O możliwej likwidacji Skansenu Taboru Kolejowego w Chabówce alarmują nie tylko miłośnicy kolei, ale także politycy.
„Kochani nasi Fani! Dopiero co pisaliśmy ze jest ok. Ale nasz Prezes Pan dr Marcin Wojewódka wystosował pismo, że nas nie chce i rozpoczyna proces likwidacji”
– przekazał za pośrednictwem mediów społecznościowych Skasen Taboru Kolejowego w Chabówce.
Co dalej ze skansenem?
O planach zarządu PKP cargo informują także branżowe media. Sprawę komentują już jednak nie tylko miłośnicy kolei.
Dramat pracowników PKP Cargo dotyka także – jak się okazuje- słynnego kolejowego muzeum w małopolskiej Chabówce. Według medialnych doniesień, zarząd PKP Cargo zamierza zlikwidować należący do spółki skansen taboru kolejowego pełen niezwykle cennych eksponatów (np. najstarsza zachowana w Polsce lokomotywa). Co się stanie z tą kolekcją? Pójdzie na złom, czy zostanie rozsprzedana? I co z pracownikami, którzy przez lata opiekowali się tym wspaniałym miejscem?
– napisała na platformie x.com Beata Szydło.
Informację o planach likwidacji skansenu skomentowała również poseł Paulina Matysiak.
Jak to możliwe, że p.o. Prezesa panu Marcinowi Wojewódce przychodzą do głowy takie głupie pomysły?
– napisała w mediach społecznościowych.
Skansen Taboru Kolejowego w Chabówce
Jak napisano na stronie internetowej Skansenu Taboru Kolejowego w Chabówce, placówka została otwarta w 1993 roku na terenie dawnej parowozowni, wybudowanej w czasie II wojny światowej.

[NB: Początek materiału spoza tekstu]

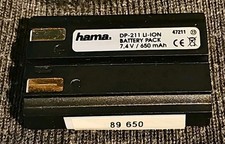 Batteria come Nikon EN-EL1 -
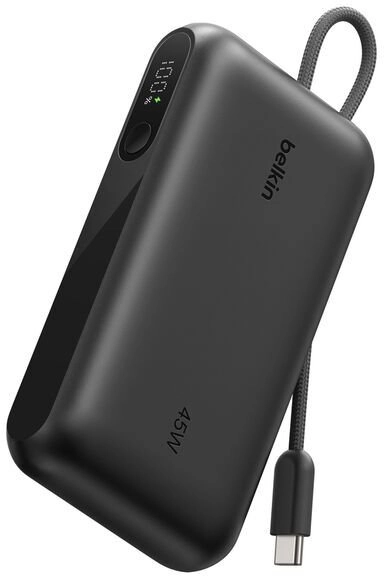Belkin BoostCharge Powerbk.PD45W Screen 10000mAh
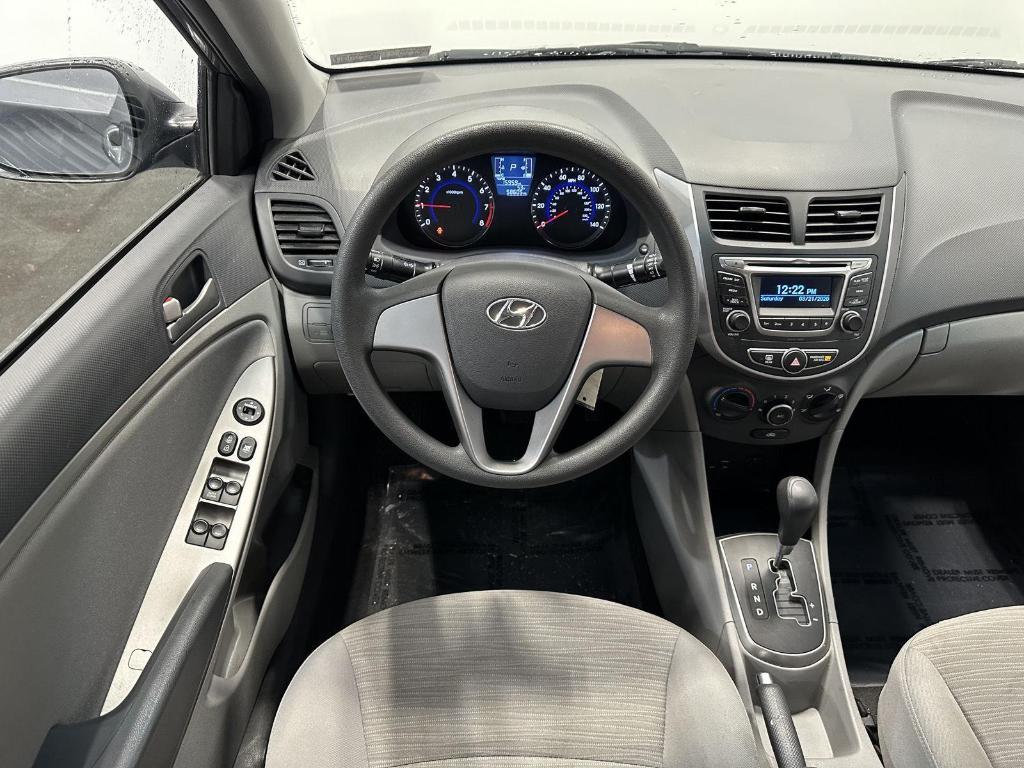 used 2017 Hyundai Accent car, priced at $9,495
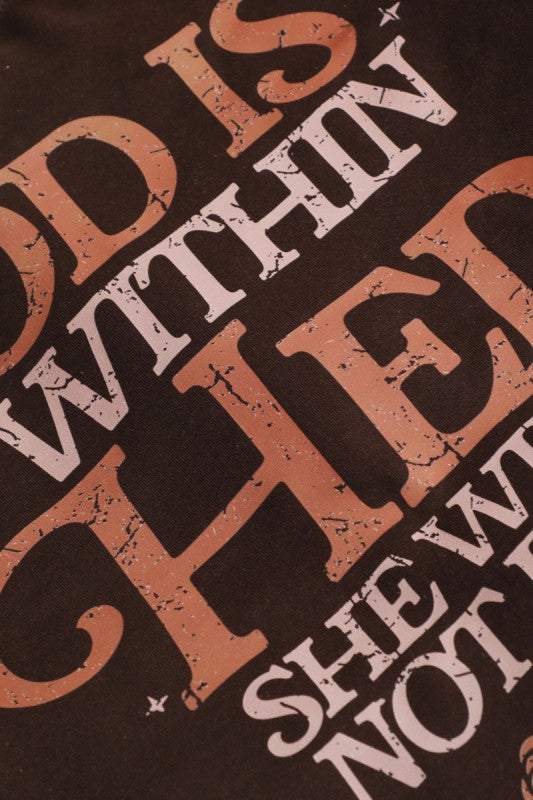 God Is Within Her Heavyweight Sweatshirt S-XL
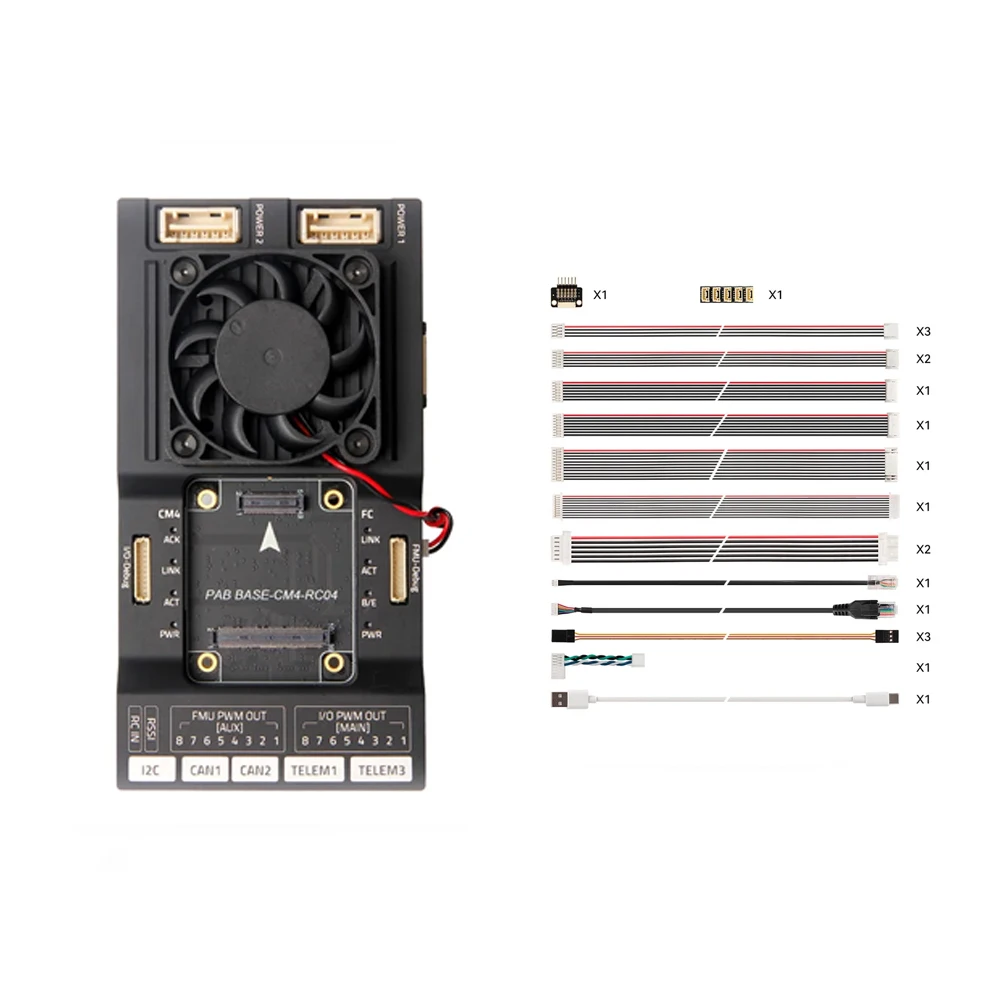 Holybro Pixhawk V2A V2B Mini RPi CM4 Baseboard / Can Be W/6X, 5X and Any FC That Follow The Pixhawk Autopilot Bus Standard thumbnail 6
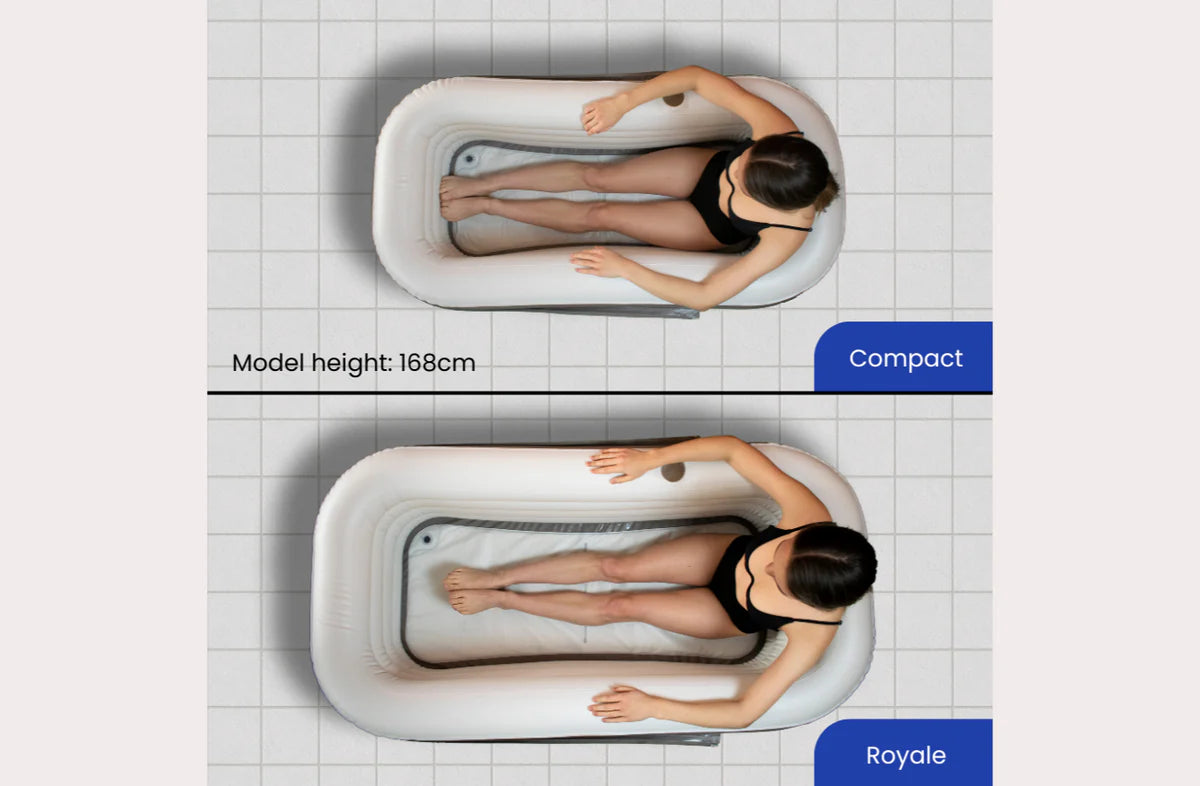Tubble Royale - inflatable bathtub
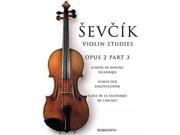 Sevcik Violin Studies - Opus 2, Part 3: School Of Bowing Technique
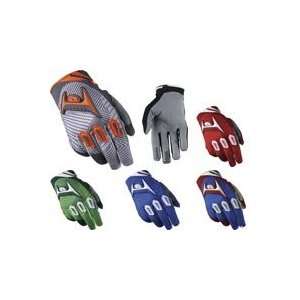  2009 Answer Youth Ion Gloves Small Red Automotive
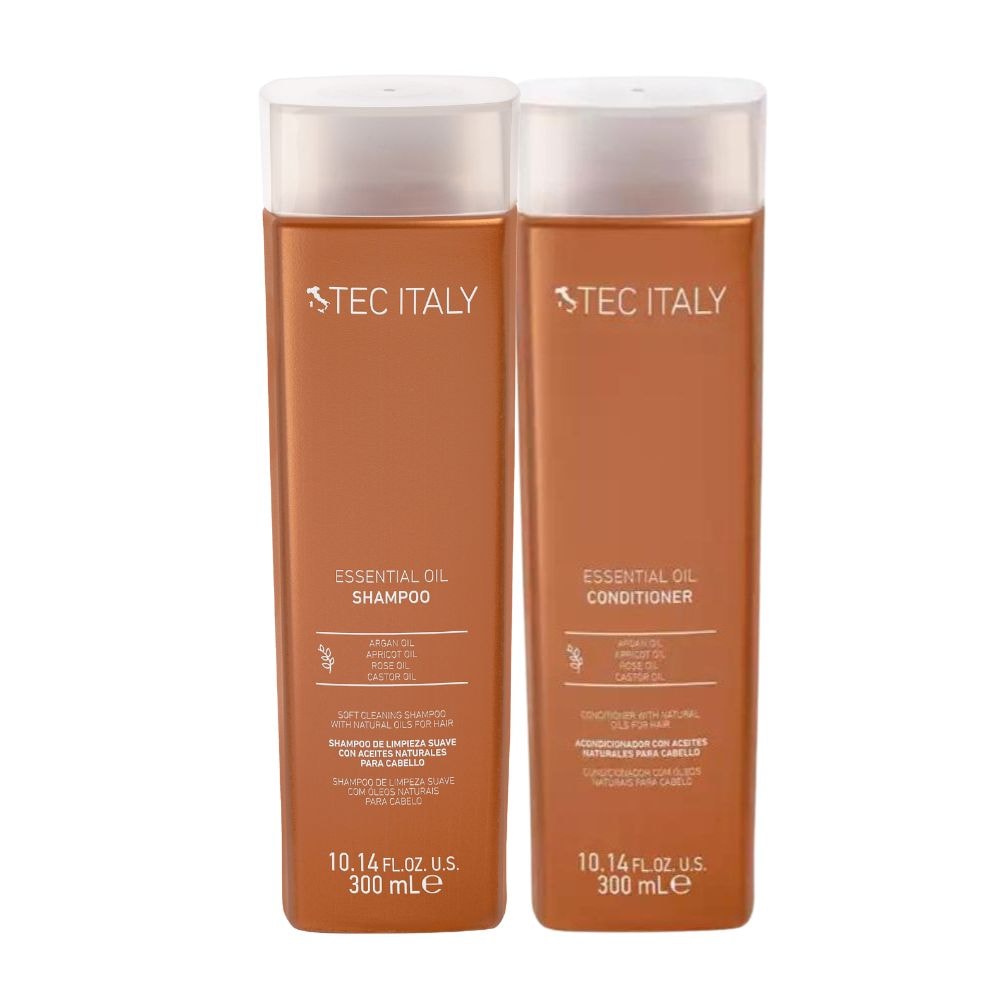 Tec Italy Essential Oil Shampoo 300ml + Condicionador 300ml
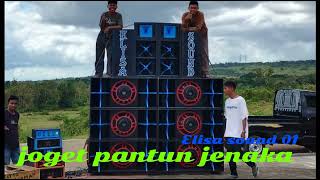 Download lagu ♨️♨️joget pantun jenaka♨️♨️by Yamin Febriana fit Lukin Remix style 🌴💃 mp3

Gromadzenie eksponatów rozpoczęto już w połowie lat 80. Na kilku torach urządzono ekspozycję składającą się wycofanych z ruchu parowozów, lokomotyw elektrycznych i spalinowych oraz pługów, żurawi itp., które poddano rewitalizacji. Część z nich przywrócono do pełnej sprawności technicznej, dzięki czemu dziś mogą prowadzić składy pociągów zestawionych z zabytkowych wagonów.